» **PROBLEM STATEMENT**
Copy word for word, please, the lines of the entries below running from the one containing "lexus nx 2020" to the one containing "Дисплей 8X0919603 Audi A1", both ends included.

» **GIVEN DATA**
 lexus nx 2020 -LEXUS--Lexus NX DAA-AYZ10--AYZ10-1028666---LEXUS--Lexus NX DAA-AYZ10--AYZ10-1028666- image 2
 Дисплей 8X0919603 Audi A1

--

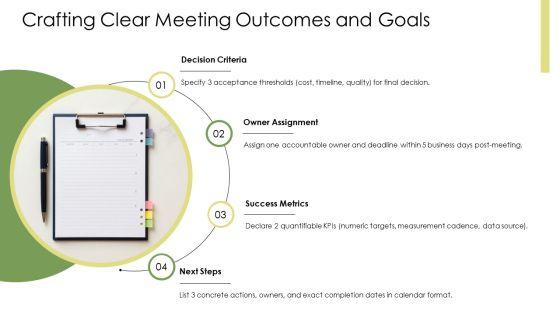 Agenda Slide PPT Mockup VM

» **RESULT OF THIS TASK**
 lexus nx 2020 -LEXUS--Lexus NX DAA-AYZ10--AYZ10-1028666---LEXUS--Lexus NX DAA-AYZ10--AYZ10-1028666- image 2
 Дисплей 8X0919603 Audi A1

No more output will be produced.